I plan a cooking experience every week for my preschoolers. We don't always squeeze it in, but when we do I try to include some science in with our activity. Cooking is chemistry, you know. It involves states of matter (liquids and solids) and combining (mixing) or changing them (with temperature change, for instance) to create new substances. I encourage the kids to describe the matter throughout the process and I use the terms 'liquids' and 'solids' along with other new terminology relating to cooking such as 'batter'. I try to include picture recipes to 'read' and measuring tools (cups and spoons) whenever possible.
We do always talk about safety when we cook. This involves not only hand-washing, but also safety around hot and sharp objects they might find in the kitchen. I often pose situations and ask the children questions relating to safety rather than just tell them the rules. As with other explorations, children learn best by relating things to their own lives.
'Cooking' in preschool does not always involve heat. 'Cooking' includes food preparation of all kinds in my classroom. Some cooking experiences we have had this year include using measuring cups and picture recipes to make various cereal mixes and 'GORP' (good old raisins and peanuts-the generic term I use to include throwing a bunch of stuff out of the pantry together and enjoying it), chopping sliced ham with butter knives and whisking scrambled eggs to make green eggs and ham for Dr. Seuss week, and measuring and shaking Magic Leprechaun Powder to make pistachio pudding.

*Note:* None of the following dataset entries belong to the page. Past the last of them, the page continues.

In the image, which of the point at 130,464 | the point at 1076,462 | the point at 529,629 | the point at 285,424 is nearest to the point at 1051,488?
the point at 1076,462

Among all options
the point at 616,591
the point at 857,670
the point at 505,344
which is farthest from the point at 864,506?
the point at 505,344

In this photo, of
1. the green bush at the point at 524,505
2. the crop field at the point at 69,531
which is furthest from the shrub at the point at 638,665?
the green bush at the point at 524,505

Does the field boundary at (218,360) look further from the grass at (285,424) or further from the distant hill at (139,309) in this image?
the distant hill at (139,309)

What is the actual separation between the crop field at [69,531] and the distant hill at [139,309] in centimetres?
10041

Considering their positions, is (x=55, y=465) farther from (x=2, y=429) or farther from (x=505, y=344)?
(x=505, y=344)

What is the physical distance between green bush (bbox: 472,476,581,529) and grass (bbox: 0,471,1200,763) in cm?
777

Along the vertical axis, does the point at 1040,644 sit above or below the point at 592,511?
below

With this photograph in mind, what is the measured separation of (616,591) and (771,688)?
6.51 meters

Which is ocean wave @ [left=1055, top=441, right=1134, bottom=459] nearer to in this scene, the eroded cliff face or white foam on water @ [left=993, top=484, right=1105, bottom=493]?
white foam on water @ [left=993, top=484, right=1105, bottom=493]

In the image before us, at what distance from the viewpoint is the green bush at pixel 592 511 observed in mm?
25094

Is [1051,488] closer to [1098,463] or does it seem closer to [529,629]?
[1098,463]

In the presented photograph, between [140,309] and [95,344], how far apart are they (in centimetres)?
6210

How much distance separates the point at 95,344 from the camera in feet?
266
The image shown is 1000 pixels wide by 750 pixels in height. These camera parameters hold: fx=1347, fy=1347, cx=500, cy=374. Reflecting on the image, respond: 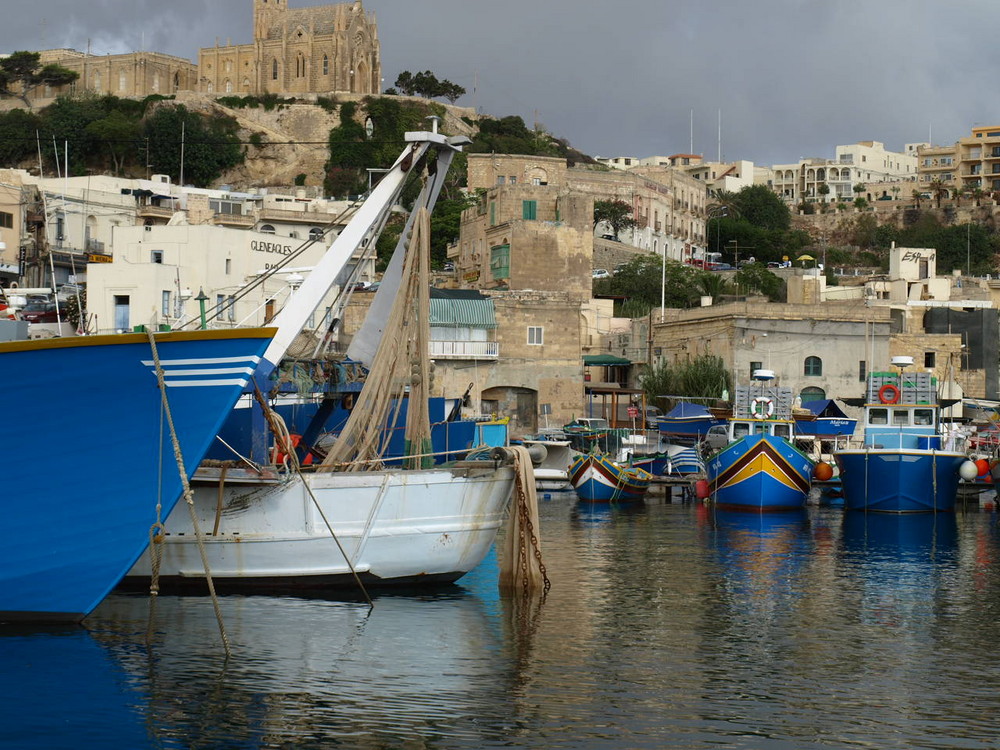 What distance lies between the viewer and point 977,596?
74.1ft

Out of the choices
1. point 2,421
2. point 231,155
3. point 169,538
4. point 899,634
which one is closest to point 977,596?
point 899,634

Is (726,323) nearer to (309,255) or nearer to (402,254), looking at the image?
(309,255)

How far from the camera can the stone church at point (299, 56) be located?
417 feet

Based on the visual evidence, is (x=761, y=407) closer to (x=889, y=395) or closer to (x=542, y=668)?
(x=889, y=395)

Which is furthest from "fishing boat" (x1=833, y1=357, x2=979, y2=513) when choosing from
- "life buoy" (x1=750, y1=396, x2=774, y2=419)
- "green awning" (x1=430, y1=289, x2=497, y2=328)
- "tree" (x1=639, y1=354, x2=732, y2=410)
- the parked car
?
the parked car

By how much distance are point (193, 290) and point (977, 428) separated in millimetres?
31236

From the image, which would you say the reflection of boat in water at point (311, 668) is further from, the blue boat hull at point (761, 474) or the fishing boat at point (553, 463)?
the fishing boat at point (553, 463)

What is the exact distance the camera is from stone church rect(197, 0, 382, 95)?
127250mm

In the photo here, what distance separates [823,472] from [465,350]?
51.9 feet

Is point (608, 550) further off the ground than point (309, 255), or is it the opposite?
point (309, 255)

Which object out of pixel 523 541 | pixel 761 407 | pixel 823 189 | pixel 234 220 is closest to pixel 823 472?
pixel 761 407

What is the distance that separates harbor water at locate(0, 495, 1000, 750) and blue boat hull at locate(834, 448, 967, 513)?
14886 mm

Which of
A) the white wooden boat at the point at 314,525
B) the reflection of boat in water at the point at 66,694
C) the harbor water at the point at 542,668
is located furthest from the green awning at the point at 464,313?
the reflection of boat in water at the point at 66,694

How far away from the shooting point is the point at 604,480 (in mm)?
42062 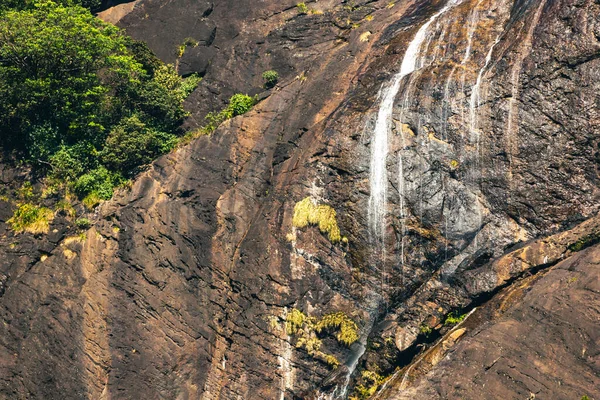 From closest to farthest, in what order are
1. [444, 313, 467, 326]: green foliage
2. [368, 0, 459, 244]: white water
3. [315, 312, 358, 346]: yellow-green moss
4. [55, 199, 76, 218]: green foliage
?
[444, 313, 467, 326]: green foliage < [315, 312, 358, 346]: yellow-green moss < [368, 0, 459, 244]: white water < [55, 199, 76, 218]: green foliage

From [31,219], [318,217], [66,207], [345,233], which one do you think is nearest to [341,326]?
[345,233]

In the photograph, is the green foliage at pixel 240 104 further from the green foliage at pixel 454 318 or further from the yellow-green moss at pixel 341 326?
the green foliage at pixel 454 318

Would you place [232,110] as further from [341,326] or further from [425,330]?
[425,330]

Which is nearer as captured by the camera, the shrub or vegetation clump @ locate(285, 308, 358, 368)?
vegetation clump @ locate(285, 308, 358, 368)

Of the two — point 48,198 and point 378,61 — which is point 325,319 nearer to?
point 378,61

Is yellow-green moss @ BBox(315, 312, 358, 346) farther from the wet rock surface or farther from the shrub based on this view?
the shrub

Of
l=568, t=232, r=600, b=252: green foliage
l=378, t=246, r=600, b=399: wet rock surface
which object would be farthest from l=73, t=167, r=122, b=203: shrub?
l=568, t=232, r=600, b=252: green foliage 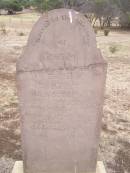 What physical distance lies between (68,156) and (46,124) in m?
0.45

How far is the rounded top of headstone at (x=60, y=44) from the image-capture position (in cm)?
322

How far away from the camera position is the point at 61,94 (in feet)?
11.3

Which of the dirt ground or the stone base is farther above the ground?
the stone base

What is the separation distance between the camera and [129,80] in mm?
9133

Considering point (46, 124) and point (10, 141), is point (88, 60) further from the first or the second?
point (10, 141)

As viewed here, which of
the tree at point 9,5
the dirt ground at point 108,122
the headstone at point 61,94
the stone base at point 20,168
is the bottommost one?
the dirt ground at point 108,122

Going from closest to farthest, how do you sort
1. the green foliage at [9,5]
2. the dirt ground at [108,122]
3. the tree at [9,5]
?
the dirt ground at [108,122] < the tree at [9,5] < the green foliage at [9,5]

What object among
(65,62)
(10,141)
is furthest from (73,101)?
(10,141)

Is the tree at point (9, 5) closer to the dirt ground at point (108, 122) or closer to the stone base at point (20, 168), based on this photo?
the dirt ground at point (108, 122)

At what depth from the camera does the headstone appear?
324cm

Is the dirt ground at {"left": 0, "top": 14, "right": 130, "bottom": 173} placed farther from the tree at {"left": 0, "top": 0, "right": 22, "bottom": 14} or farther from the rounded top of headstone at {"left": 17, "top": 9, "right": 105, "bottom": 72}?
the tree at {"left": 0, "top": 0, "right": 22, "bottom": 14}

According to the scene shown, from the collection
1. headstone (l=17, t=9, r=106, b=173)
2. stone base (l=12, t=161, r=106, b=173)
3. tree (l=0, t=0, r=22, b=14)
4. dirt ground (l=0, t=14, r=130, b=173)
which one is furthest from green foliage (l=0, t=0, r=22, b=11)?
headstone (l=17, t=9, r=106, b=173)

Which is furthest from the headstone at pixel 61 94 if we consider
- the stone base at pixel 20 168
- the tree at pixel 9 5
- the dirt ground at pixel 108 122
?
the tree at pixel 9 5

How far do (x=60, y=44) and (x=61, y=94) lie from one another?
0.51m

Last week we studied the farm and my favorite cooking activity to go with this theme is to make butter. This is actually so easy, it's kind of pathetic, but it becomes almost magical to the children. All you need it heaving whipping cream (found in the dairy case at your grocery store), a dash of salt (optional, I usually just have this in the container when we start), and a container with a tight seal.
As we pour the whipping cream into the container we talk about that it is a liquid. I ask the kids what liquid it reminds them of and someone always compares it to milk, thus starting a conversation about the dairy group, animals that produce milk, and whatever other related tangents we travel down. Conversation is important not only to make the connections but to keep the kids' minds off the fact that the making of butter is a bit boring. As we talk we pass the sealed container around taking turns shaking the heck out of it. I always make sure I get a turn as well so that it gets plenty of good shakes and also so I can tell where it is in the process of becoming butter.
As we shake it the liquid becomes a froth, then a gel-like solid, and finally separates into butter (solid) and buttermilk (liquid). This is when it is done. We compare the way it feels when we shake it as we take our turns. And when it is finished we have it on bread, muffins, or other treat with our snack. I always offer up a taste of buttermilk for the brave students too. I talk about that buttermilk is used to make things like pancakes, biscuits, and brownies, (which many of us love) but many people do not like the taste of it by itself.
Cooking lessons teach lifelong kitchen skills, but can also include nearly every other area of the curriculum: science (chemistry), math (measurement, counting, time), reading (a recipe), safety, vocabulary, fine motor (or gross motor, in the case of butter, which uses lots of arm movement) skills, language (both receptive and verbal), social studies (where our food comes from), as well as making connections to the children's daily lives and of course enjoying the products we create. Yum!